[Provided records Boundary: Start]

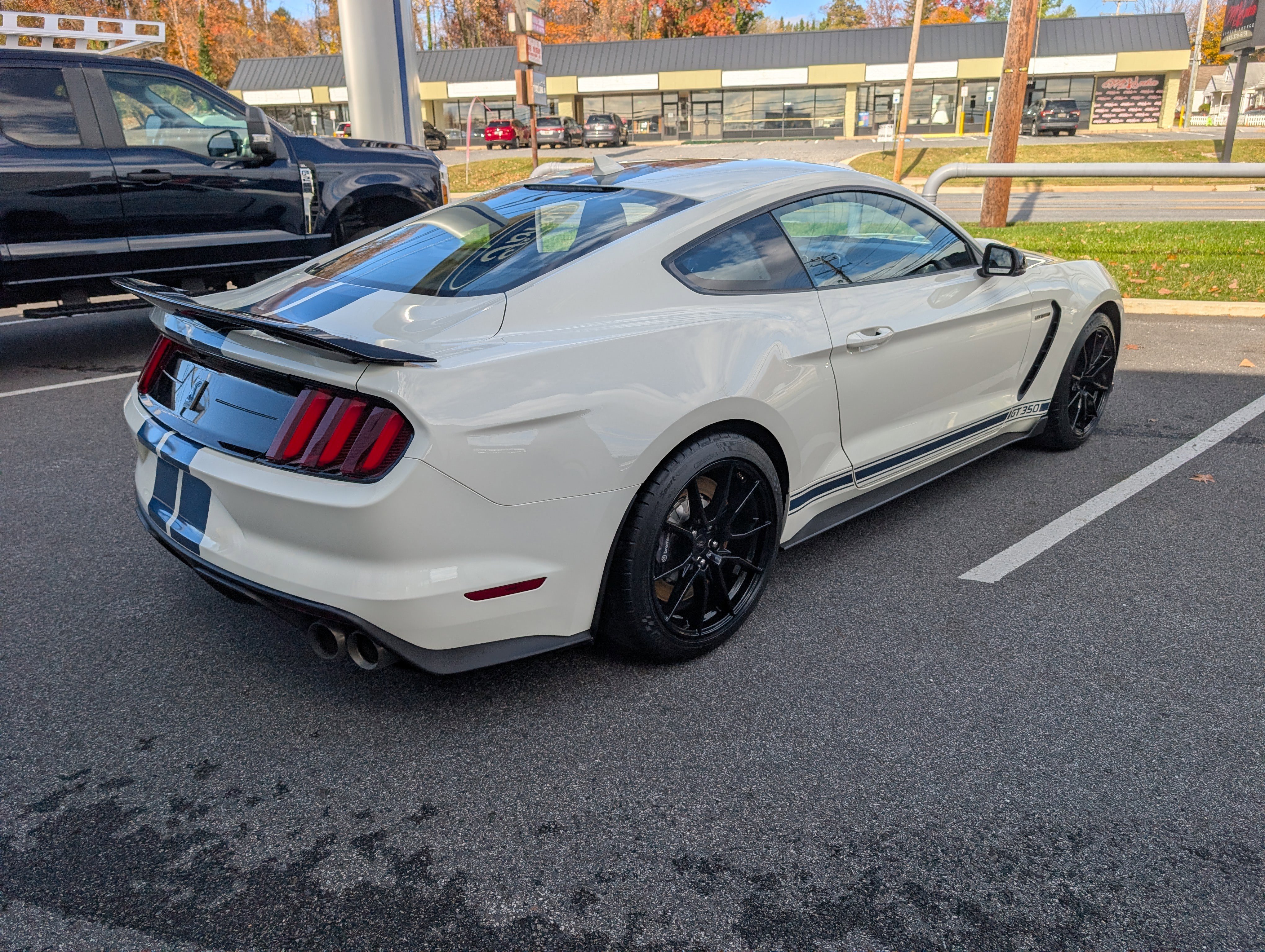 Certified 2020 Ford Mustang Shelby GT350 w/ Technology Package image 7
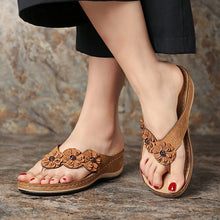 Load image into Gallery viewer, Women Retro Style  Flower style Sandal
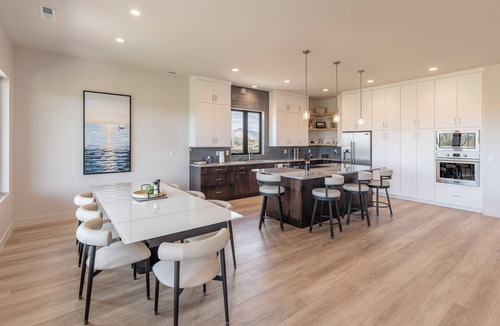 St. George House | Modern 4BR w/All Kings on 6th Hole - Pet Friendly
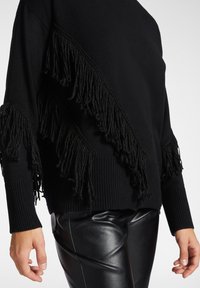 Elena Mirò CON FRANGE - Maglione - nero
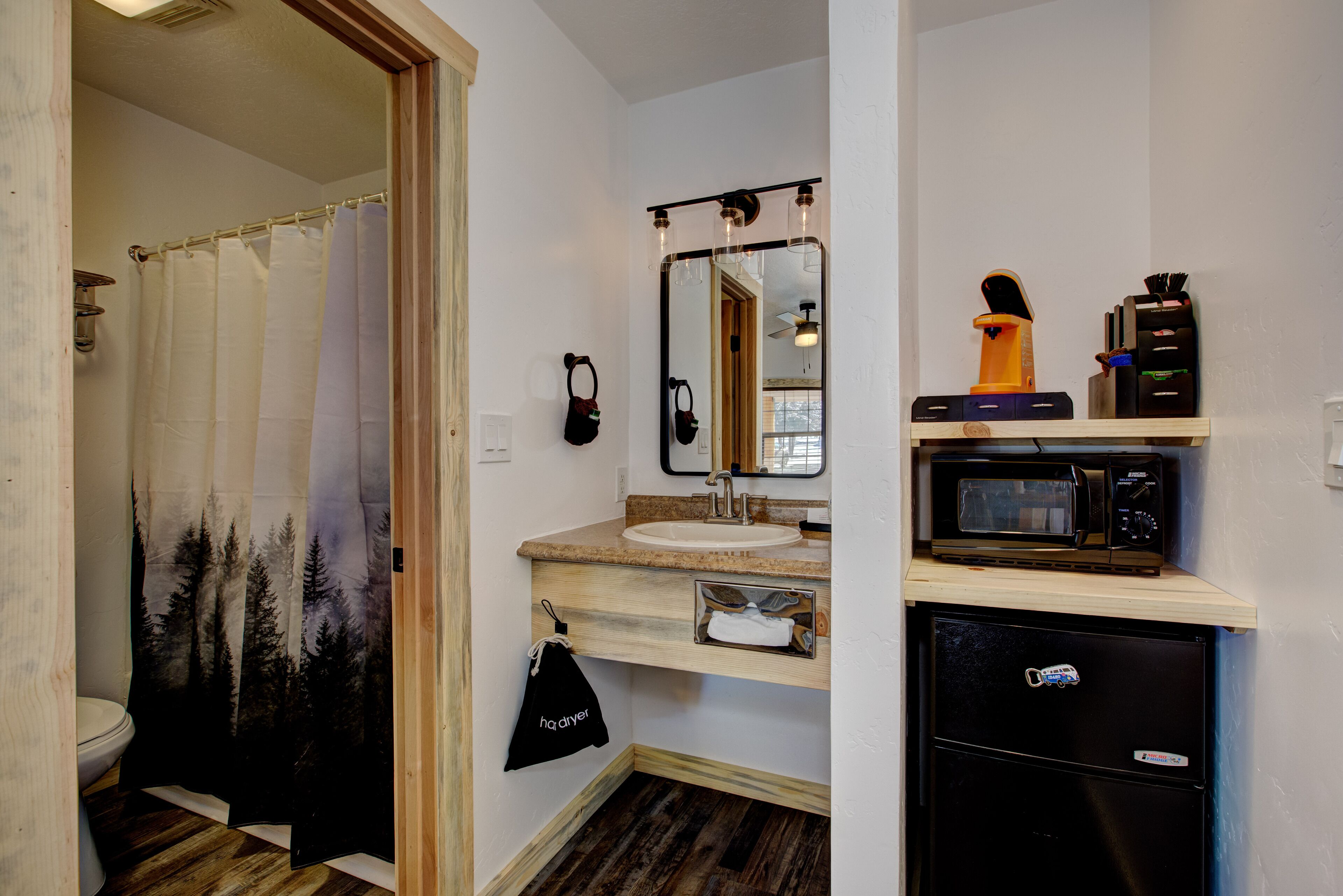 standard room, 1 queen bed, non smoking | bathroom | combined shower/bathtub, free toiletries, hair dryer, towels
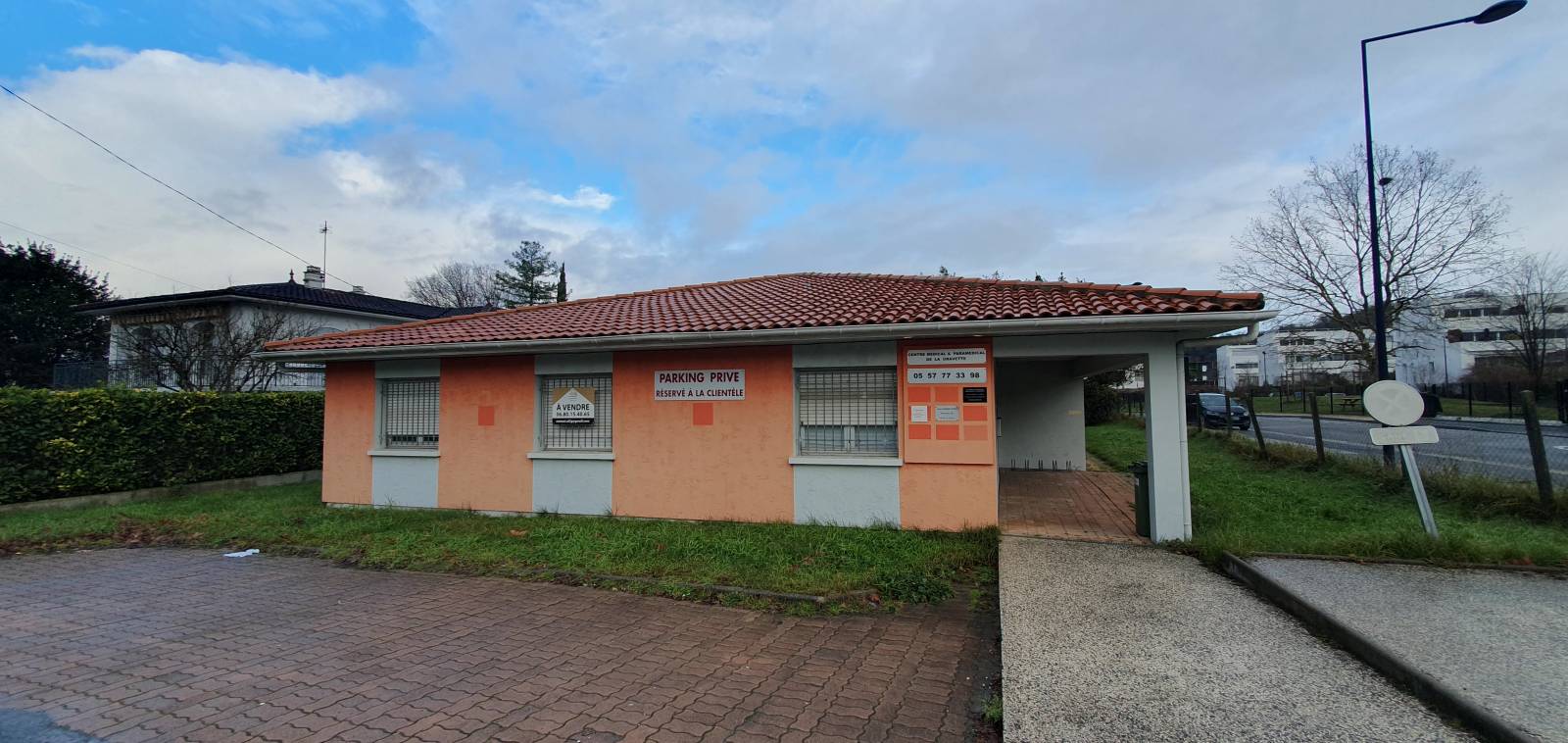A vendre locaux commerciaux Floirac proche Bordeaux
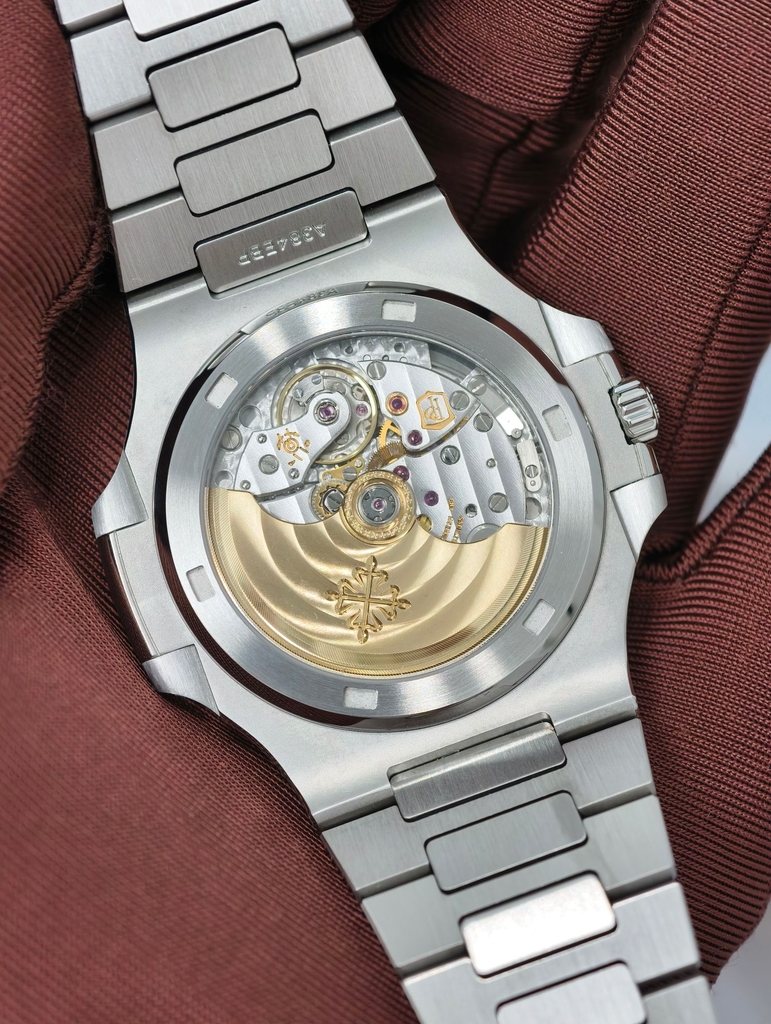 PATEK PHILIPPE Nautilus 5711 Blue Face-40mm-Calibre 330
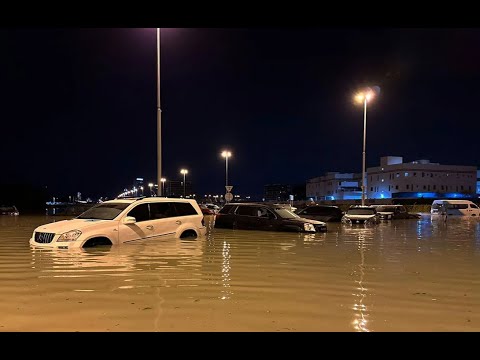 Dubai floods: Record rain hits UAE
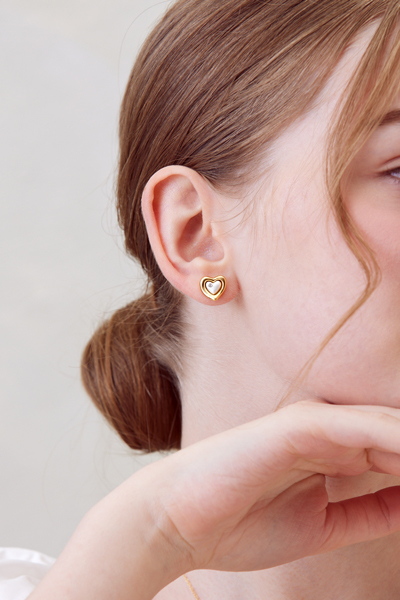 珠光愛心撞色。銀針耳環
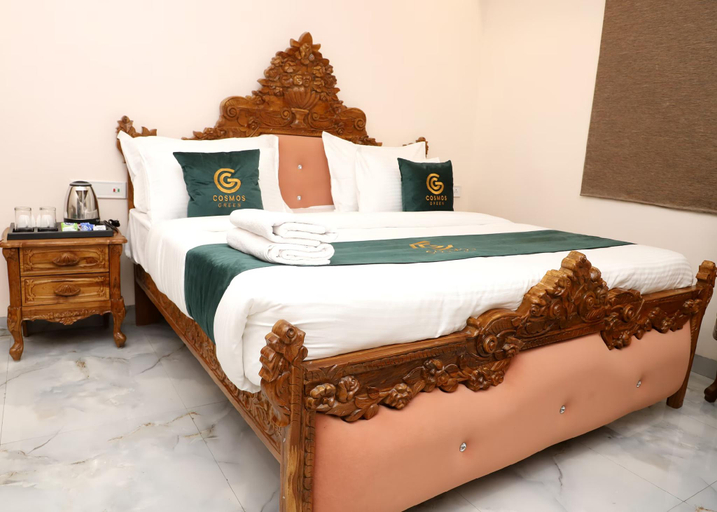 Bedroom 3, Kanha Shree by Cosmos Hotels, Indore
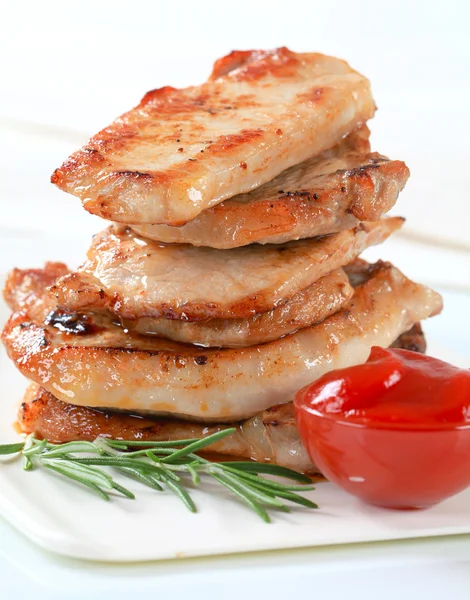 돼지고기 cutlets와 토마토 소스 — 스톡 사진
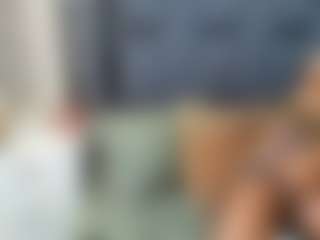 emily-86's Live Sex Cam Show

[Provided records Boundary: End]

Every line from the one with "St. George House" through the one with "돼지고기 cutlets와 토마토 소스 — 스톡 사진" is to be reproduced exactly as written above, and the pictures are to be dropped.

 St. George House | Modern 4BR w/All Kings on 6th Hole - Pet Friendly
 Elena Mirò CON FRANGE - Maglione - nero
 standard room, 1 queen bed, non smoking | bathroom | combined shower/bathtub, free toiletries, hair dryer, towels
A vendre locaux commerciaux Floirac proche Bordeaux
 PATEK PHILIPPE Nautilus 5711 Blue Face-40mm-Calibre 330
 Dubai floods: Record rain hits UAE
 珠光愛心撞色。銀針耳環
 Bedroom 3, Kanha Shree by Cosmos Hotels, Indore
 돼지고기 cutlets와 토마토 소스 — 스톡 사진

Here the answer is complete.